Jiménez pilots a tall ship that navigates deep and shallow waters. He rings in the moods and changes with compositions and improvisation; he dashes his music into rocks, breaks free and glides rippling through Deep Blue ink-black seas, with a Look At The Stars in a brave new sound world all his own.

03 Fiat LuxFiat Lux
René Lussier; Robbie Kuster
Microcidi 044 (renelussier.bandcamp.com/album/fiat-lux-2025)

Listen to any two tunes on this14-track disc by Montreal experimental guitarist René Lussier and you’ll understand why he’s now celebrating a half-century career. Backed by Swiss-born Montreal percussionist Robbie Kuster, Lussier, who also plays electric bass and daxophone (an electric wooden experimental musical instrument) and Kuster, who varies his percussion thrashing with hand saw whines and nail organ vibrations, bound from style to style with the same sophistication and energy.

The guitarist’s shaking flanges and fuzz tones brush up against drum pounding on Rock 66. Rien d’aquis mates Kuster’s patterning clips with simple reflective string picking; while La Valise Du Vendredi is a Québécois blues, featuring garbled mumbles and perfect bottleneck frails. Lussier even uses the wooden daxophone’s gaunt voice-like drones to scrape alongside saw reverb replicating the sounds suggested by Guimbarde Et Brosse à Dents.   

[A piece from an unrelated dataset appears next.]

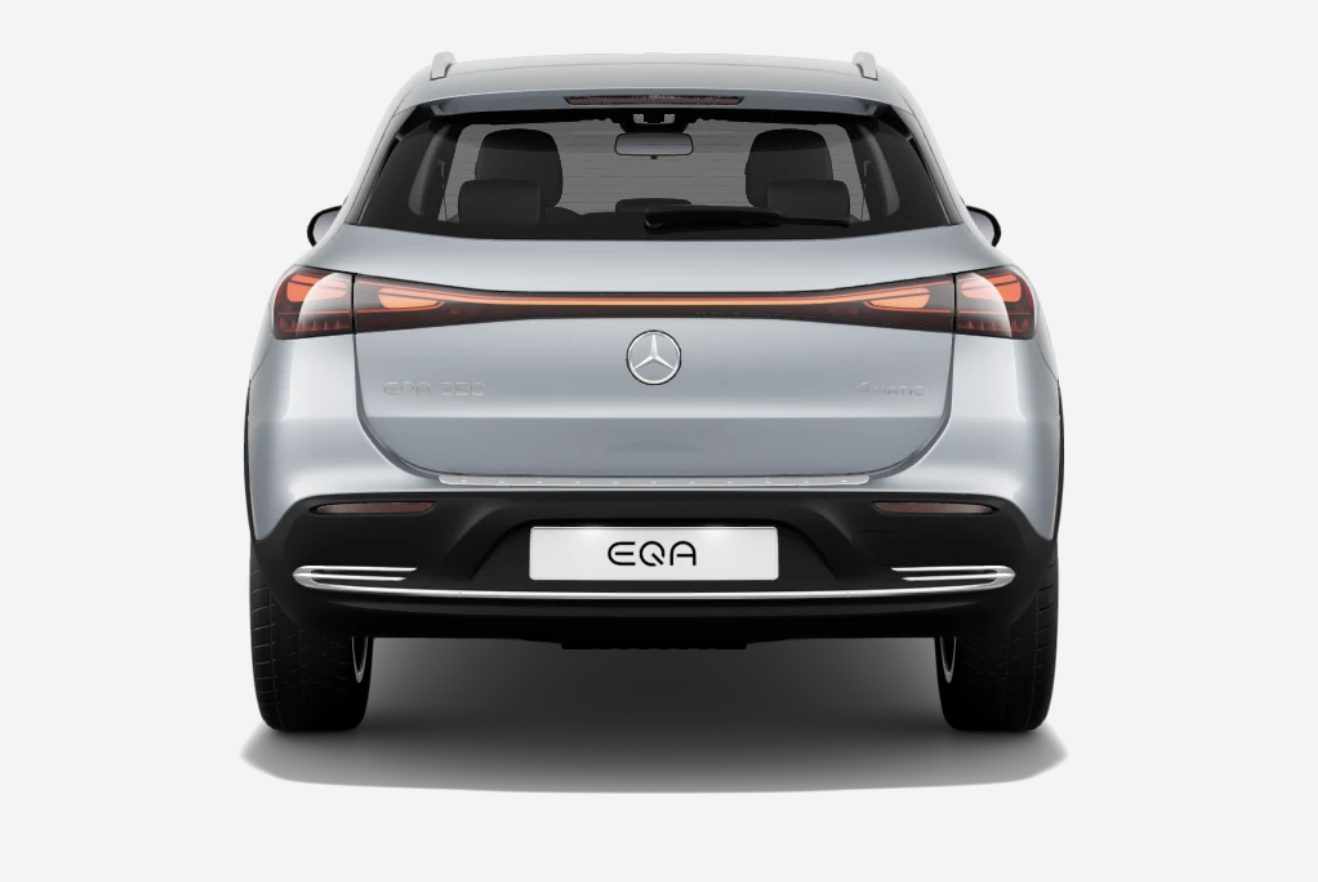 Mercedes-Benz EQA 350 4MATIC 5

Fiat Lux isn’t all fun and games. Some of the other Lussier originals mark his POMO conversions that add C&W licks to an otherwise understated improv melody or use primitive whistling to humanize what stands out as a heavy metal attack.

Unbeatable technique mixed with humour also turns French folk composer Albert Larrieu’s Biscuit – La Feuille D’Érable into a Rock anthem with guitar feedback; and he uses simple harmonies to break down Ornette Coleman’s Haven’t Been Where I Left into a progressive child’s song with chiming guitar runs and zipping single notes. 

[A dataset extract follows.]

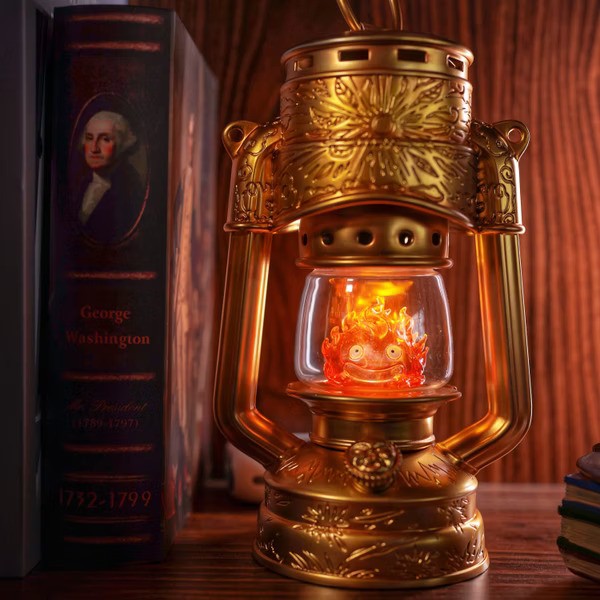 【龍喵】煤油燈卡西法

There may be some music Lussier can’t distinctively transform, but it’s not here.

04 Cory Weeds meets Jerry WeldonCory Weeds meets Jerry Weldon
Cory Weeds; Jerry Weldon
Cellar Music CMF102704 (coryweeds.bandcamp.com/album/cory-weeds-meets-jerry-weldon)

In a fast-paced world where we are constantly bombarded and pressured to keep up with the latest trends and objects, renowned saxophonist and bandleader Cory Weeds’ latest release is a reminder to slow our pace down and “stop and smell the roses,” if you will. The album harks back to the classic swing era with a fresh twist, embodying the idea of honouring the classics in an era where “newness” constantly wants to take over. Weeds has gathered a group of famed musicians for these recordings, namely fellow tenor saxophonist Jerry Weldon, pianist Miles Black, bassist John Lee and drummer Jesse Cahill. 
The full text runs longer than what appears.